Pas plus que l’on souhaite l’exonérer, ce qui reviendrait à juger le jugement, l’on n’est enthousiaste au sujet d’un acte judiciaire qui ne rend nullement compte de méthodes condamnables en vigueur dans les années quatre-vingt dix. Pas plus qu’un homme politique peut se situer au-dessus des lois, il n’existe de pure sentence quand la politique et la justice entrent en collision. Même si c’est leur faire un procès d’intentions, n’y a-t-il pas chez les juges d’instruction confrontés aux délits des grands personnages politiques, un hubris spécifique qui incite les premiers à poursuivre les seconds avec plus d’acharnement ? Les millions de nos concitoyens qui ont voté Chirac en 1995 et 2002 se sentent atteints eux aussi par le jugement. Décidément, on est encore très loin de l’infaillible martingale qui inclurait tout le monde, y compris le président de la République, dans le champ de l’action judiciaire, alors que, de toute évidence, ce sont la densité du pouvoir qu’ils détiennent et l’épouvante que soulèverait leur mise en examen pendant qu’ils exercent ce pouvoir qui conduisent les chefs de l’État à oublier qu’ils sont eux aussi des justiciables comme les autres.
Comment ne pas voir non plus que, quand un ancien président est condamné, le jugement altère le rapports de force politique ? Que tout ancien président appartient forcément à un camp et non à l’autre ? La plupart des Français sont à la fois intimidés par la justice et consternés par sa sévérité, et il y aura toujours des hommes ou des femmes qui exulteront de joie si un chêne est abattu. Valéry Giscard d’Estaing, qui estime devoir sa défaite de 1981 à Jacques Chirac, a perdu la raison quand il a décrit, vendredi, dans un journal anglais, un Chirac qui trempe les doigts dans la confiture, en est tout barbouillé, mais continue à nier qu’il ait touché au pot. Que devient la dignité nationale lorsqu’un ex-président de 85 ans, à qui on peut toujours demander ce qu’il en est des diamants de Bokassa ou du « suicide » de Robert Boulin, règle ses comptes avec un autre ex-président de 79 ans ?

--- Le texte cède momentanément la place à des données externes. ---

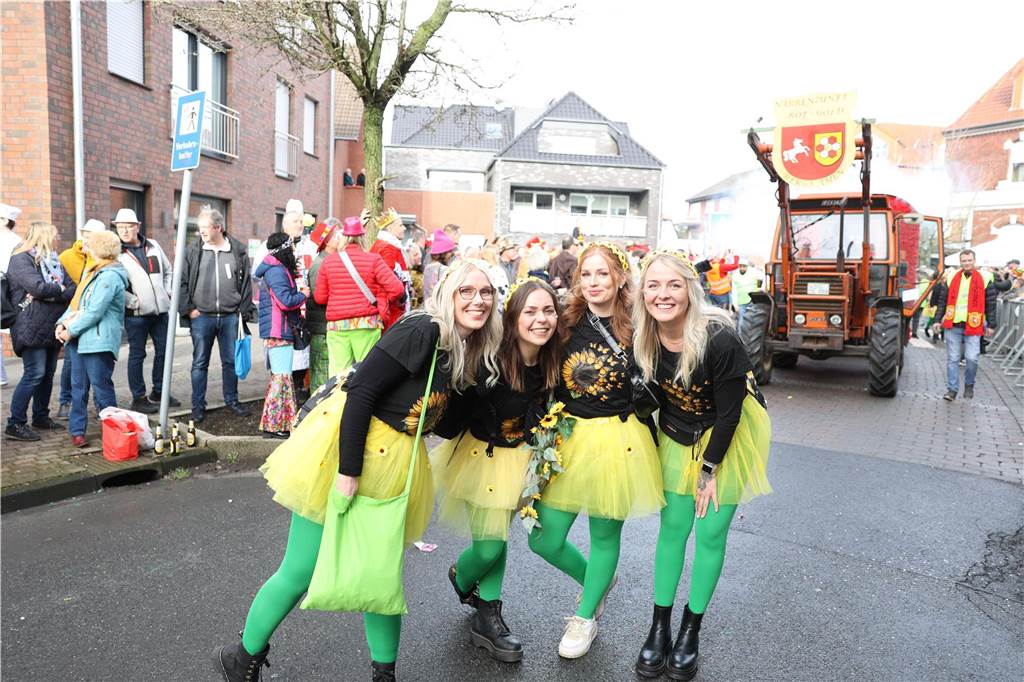 Karneval 2024 in Selm : Viele Fotos vom großen Umzug durch die Stadt Eindrücke vom Karnevalsumzug in Selm 2024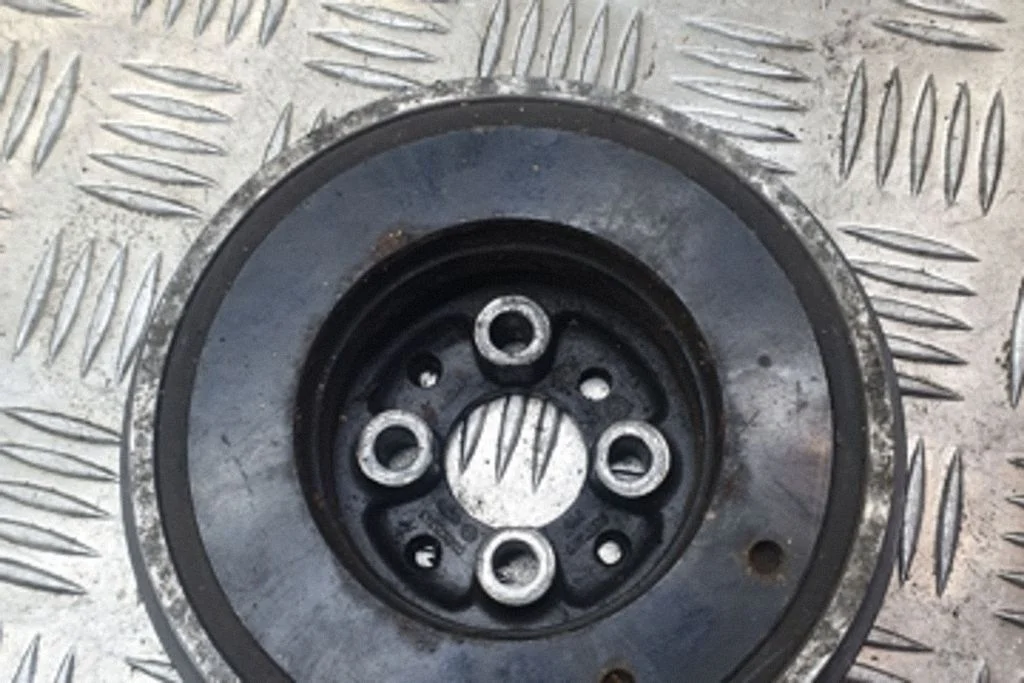 Crankshaft pulley – Ford Galaxy (2000-2006)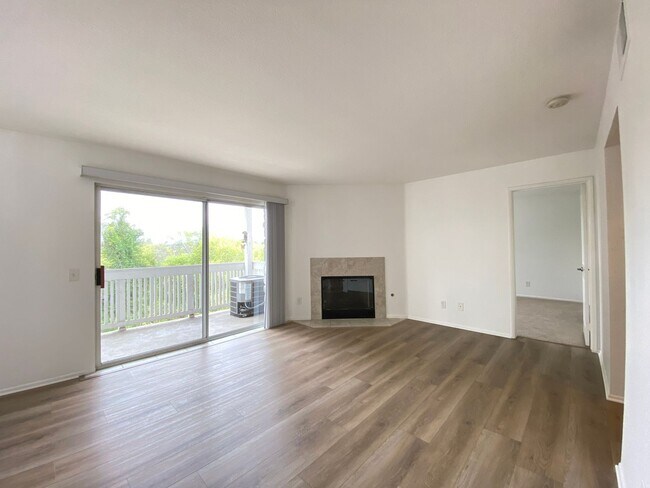 Building Photo - Bright 2 Bedroom Condo in Oceanside!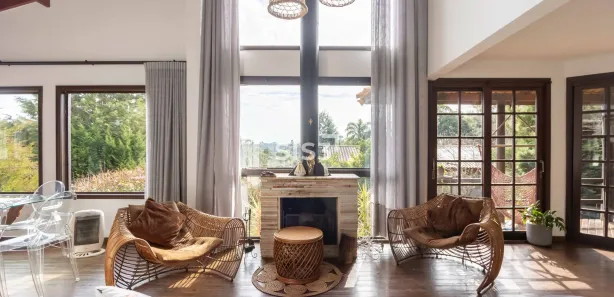 Fazenda / Sítio / Chácara com 3 Quartos à venda, 232m² no Rondinha, Campo Largo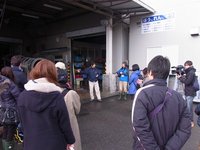 ワカメの塩蔵処理を行っている水産加工場を見学しました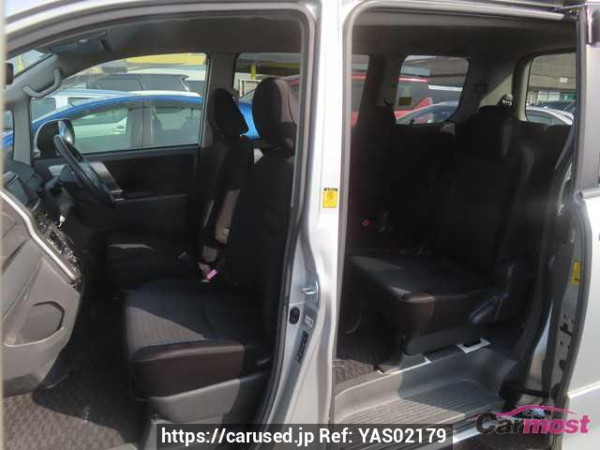 Used 2009 CVT toyota voxy ZRR70 Image[21]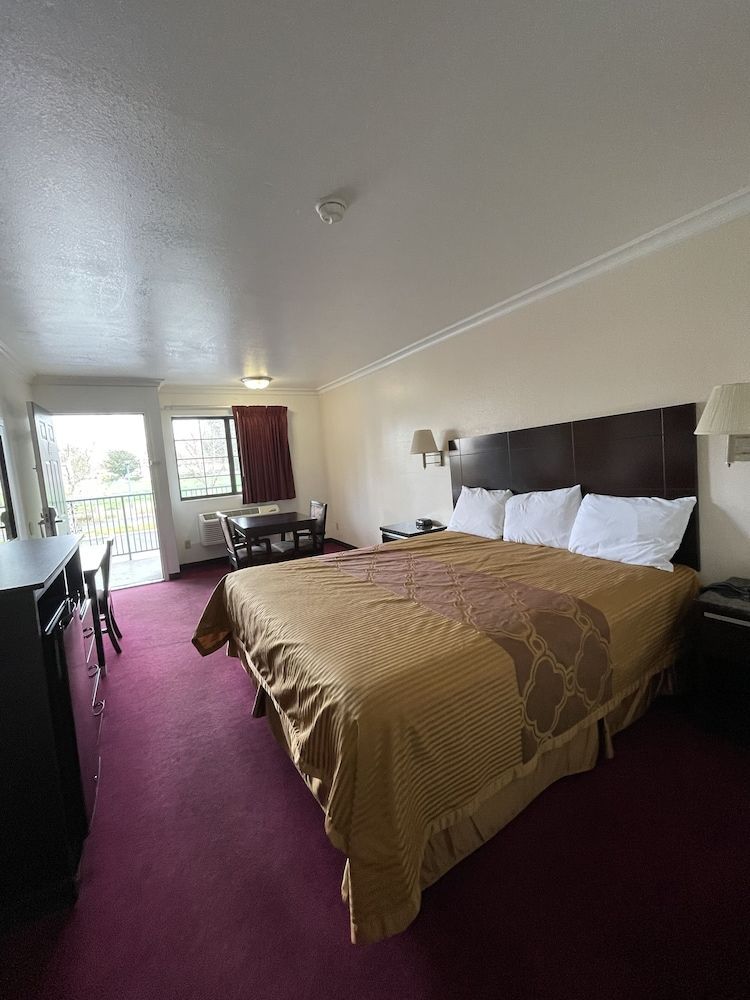 Chino Motel 1
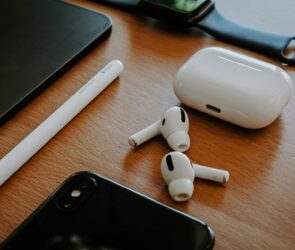 How To Connect Your Airpods To Computer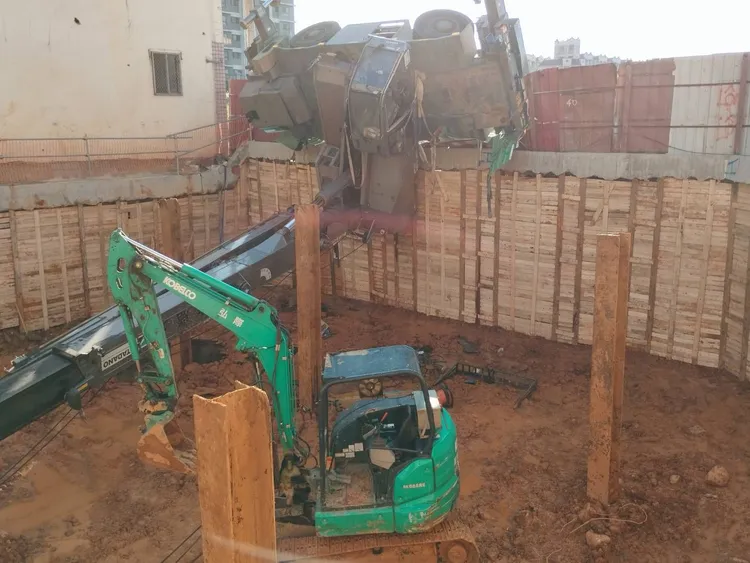 起重機翻覆現場。翻攝畫面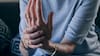 Por qué el dolor de la artritis reumatoide persiste pese a conseguir bajar la inflamación, según estudios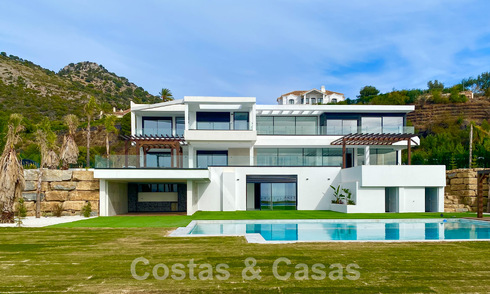 New, modern, luxury villa for sale with panoramic sea views in the exclusive Marbella Club Golf Resort in Benahavis - Marbella 61966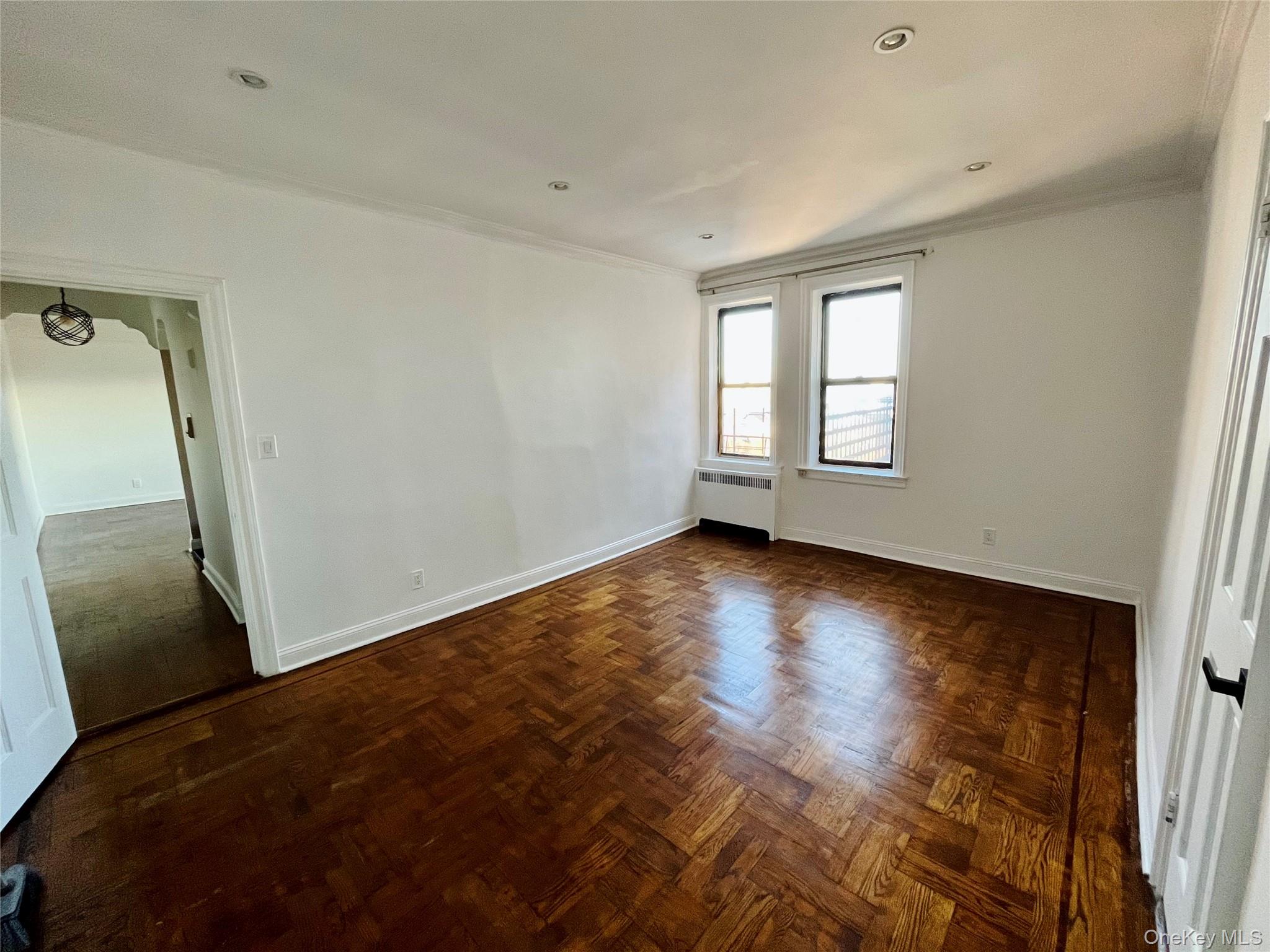 34-20 S 83rd Street, Unit 6I photo 9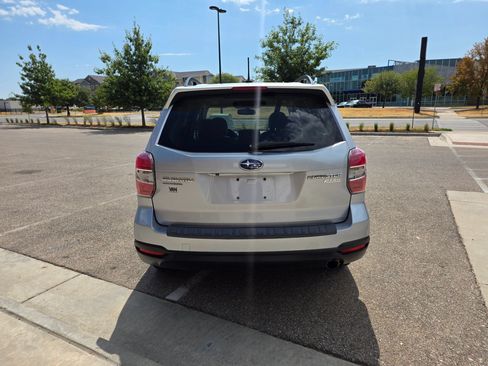 Used 2015 Subaru Forester 2.5i Limited AWD/4WD image 6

La gauche, il est vrai, s’est bien gardée de s’emparer du sujet pour en faire une nouvelle arme dans le combat électoral. Il est vrai que François Hollande et Jacques Chirac, réunis par leur attachement à la Corrèze, ont des relations de forte sympathie, au point que l’ancien président n’a pas craint, récemment, d’annoncer qu’il voterait Hollande, au grand embarras de sa famille et de l’UMP. À droite, parlé d’« humour » corrézien, alors que, de toute évidence, M. Chirac était sincère, pour autant qu’il eût les idées claires. Voilà donc, pour Jacques Chirac, une fin de vie un peu cauchemardesque qui entache son unique parcours politique. Peut-il garder sa Grand-Croix de la Légion d’Honneur ? On se pose la question avec angoisse dans les milieux concernés. Preuve que, dans cette société dépoupée en strates et en secteurs, la vanité n’a pas disparu, l’importance de la bimbeloterie demeure, le souci des colifichets persiste. Le temps qui passe, ou comment brûler ce que l’on a adoré.